# Anyone in Oklahoma up for a road trip?



## Lilysmommy (Jan 7, 2009)

Hey guys! So, slightly weird post, but we're getting a bit desperate, so I figured I'd give it a try!

Is there anyone in Oklahoma (preferably around Oklahoma City, or anywhere between there & Kansas City) who would possibly be willing to transport an African sulcata (spurred) tortoise down to Arlington, Texas? Let me give the background story here...

This pretty girl (well, we don't know for sure, but she's been temporarily named Matilda, so we're going with girl :lol came to Wildside, the wildlife rehab center I volunteer at, having been found wandering down the road by herself. So far, we've gotten zero calls about her, not even a suspected owner or interested person. A volunteer went out to check the area where she was found & it was nothing but farmland for miles. So it seems pretty likely this little one just got dumped. 
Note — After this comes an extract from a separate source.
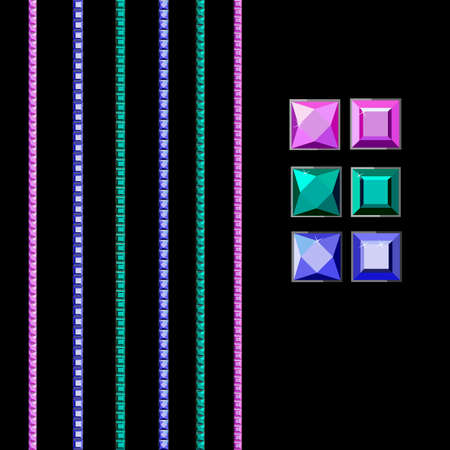 Set with multi-colored diamonds of various cuts. Stylish wallpaper with fashion accessories.のイラスト素材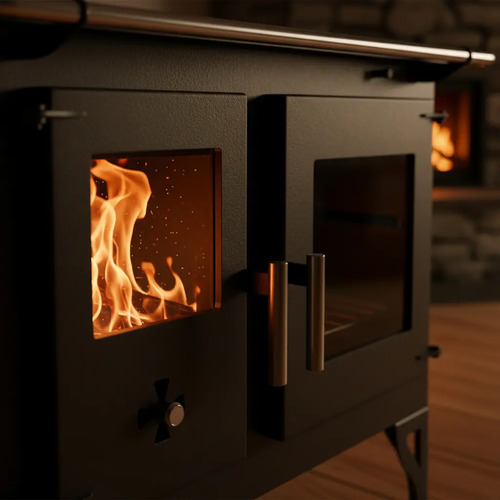 Cocina Calefactor A Leña 115 M2 Doble Combustion F820f - Imagen 4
I'm going to be travelling to Kansas City, KS tomorrow to stay with a friend for 9 days. I have a person from my FB raw feeding group who is going to take the tortoise & give her an amazing home. Problem is, she's in Arlington and is having trouble finding a ride up to Oklahoma City. We do have a last-ditch, no-other-options person, but I just thought I'd see if we had anyone on here who could help out.


----------



## gracefulchaos01 (Mar 19, 2014)

I hope you find someone!


----------



## AlexLovesOlive (Jul 7, 2014)

Oomggg i need her!!!!!!!


----------



## Lilysmommy (Jan 7, 2009)

:lol: I really wish I could keep her myself, but...I just won't be in a situation where it'd be ideal for her, not for a couple years. She's small and adorable now, but she's also only 5 years old. These guys can live for 50 years or more, and they get to be 100-200 pounds. They like to dig and burrow, and they're extremely strong! And though she was stressed & didn't give us a great example for a few days, apparently they're eating machines. We finally did find something in the yard she'll eat, and I'm picking up some stuff this morning on my way to pick her up, to see if I can't tempt her. I know the trip is going to be a bit stressful on her, but she'll have an amazing home waiting at the end of it, at least!


----------



## Lilysmommy (Jan 7, 2009)

An update on Nixon the tortoise!

We're in Kansas now and she's enjoying my friend's back yard.  She'll be continuing on to Oklahoma with me either tomorrow or Wednesday, to meet up with her new owner and return to Texas. There's a cardinal pair in the yard that's been absolutely fascinated with Nixon...it's SO cute! The male spent almost 20 minutes following her along the fence line this morning and just flew over to about 5 feet away from me to see her.


----------



## AlexLovesOlive (Jul 7, 2014)

MEH SO CUTE and yeah they live forever, Did you know that Steve Erwin had a pet tort that was originally Darwins?!?!?! I have wanted a tort, for forEVER. My moms best friend in collage had 2 and they just passed a couple years ago (my mom is 51!)


----------